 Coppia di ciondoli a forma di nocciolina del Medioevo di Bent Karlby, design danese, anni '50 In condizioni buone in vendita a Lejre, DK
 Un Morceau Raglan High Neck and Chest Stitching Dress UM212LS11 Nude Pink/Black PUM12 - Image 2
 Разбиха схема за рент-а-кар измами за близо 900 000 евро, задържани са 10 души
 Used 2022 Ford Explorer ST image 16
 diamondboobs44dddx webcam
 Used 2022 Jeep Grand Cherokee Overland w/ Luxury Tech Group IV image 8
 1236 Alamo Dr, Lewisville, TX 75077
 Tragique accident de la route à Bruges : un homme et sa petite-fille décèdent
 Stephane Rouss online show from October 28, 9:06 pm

Task brief - Write all the data out again, word for word.

Exercise solution -
 Coppia di ciondoli a forma di nocciolina del Medioevo di Bent Karlby, design danese, anni '50 In condizioni buone in vendita a Lejre, DK
 Un Morceau Raglan High Neck and Chest Stitching Dress UM212LS11 Nude Pink/Black PUM12 - Image 2
 Разбиха схема за рент-а-кар измами за близо 900 000 евро, задържани са 10 души
 Used 2022 Ford Explorer ST image 16
 diamondboobs44dddx webcam
 Used 2022 Jeep Grand Cherokee Overland w/ Luxury Tech Group IV image 8
 1236 Alamo Dr, Lewisville, TX 75077
 Tragique accident de la route à Bruges : un homme et sa petite-fille décèdent
 Stephane Rouss online show from October 28, 9:06 pm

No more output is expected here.